Materials and Methods

Compliance with Ethical Standards

This retrospective study was approved by the institutional review board of Chung-Ang University Hospital (H-2303-028-19465), and the requirement for informed consent was waived.

Patients and Lesions

From February to September 2022, a total of 208 newly detected thyroid nodules were identified in 184 patients who underwent initial FNA or core needle biopsy (CNB) at the authors’ institution. Of these, 95 nodules from 81 patients were excluded due to the absence of final diagnostic confirmation. Consequently, 113 consecutive nodules measuring ≥0.5 cm from 103 patients (87 women and 26 men; mean age, 51.0±15.1 years) were included in the analysis. Final diagnoses of malignancy were established based on (1) histopathological confirmation from surgical specimens and (2) malignant results on FNA or CNB. Final benign diagnoses were based on (1) histopathological confirmation from surgical specimens, (2) at least two benign results from FNA or CNB, and (3) an initial benign diagnosis on FNA or CNB with no interval growth or with size reduction on follow-up US after at least 12 months. Medical records were also reviewed to assess the presence of diffuse thyroid disease (DTD).

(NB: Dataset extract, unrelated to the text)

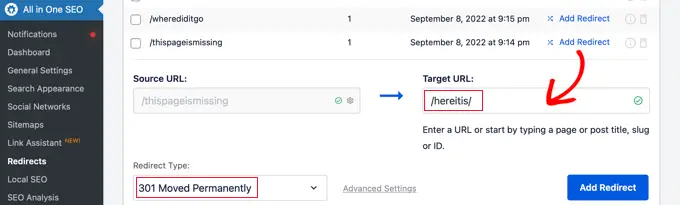 Redirecting a 404 Error Using AIOSEO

US Examinations and US-Guided Procedures

Conventional US was performed by one of two radiologists with 10 and 8 years of experience in thyroid imaging, respectively. Following B-mode US, patients for whom US-guided FNA was planned underwent CDI and MFI, which were performed by the radiologist with 8 years of thyroid imaging experience using a high-resolution 18-MHz linear transducer (EPIQ 7, Philips Healthcare). B-mode US images were acquired first, with subsequent color Doppler and MFI in both the axial and sagittal planes without repositioning the patient. For each nodule, color MFI focused on the nodule and its focal zone, with scanning depth and time-gain compensation kept constant for optimal visualization. Color gain, scale, and wall filter settings were individually adjusted for each nodule to ensure optimal image quality. For all nodules, sagittal and transverse still images, as well as approximately 10-second cine images, were obtained.

US-guided FNA was performed using a 5-mL syringe to which a 23-gauge needle was attached. Adequate sampling was achieved through multiple passes in different directions across the nodule. Collected specimens were preserved in 95% ethanol for subsequent liquid-based cytology. In cases where cytological results were non-diagnostic or indeterminate, repeat biopsies were performed. US-guided CNB was carried out with a free-hand technique using an 18-gauge dual-action semiautomatic core biopsy needle with a 22-mm throw. Cytologic and histologic specimens obtained from FNA and CNB were reviewed by an experienced thyroid pathologist with two decades of expertise. FNA results were categorized according to the Bethesda System for Reporting Thyroid Cytopathology [14], whereas CNB findings were interpreted using a six-tiered histopathologic reporting system [15]. When malignancy was diagnosed by FNA or CNB, the specimens were re-reviewed by the pathologist to refine the final diagnosis and determine the pathological subtype.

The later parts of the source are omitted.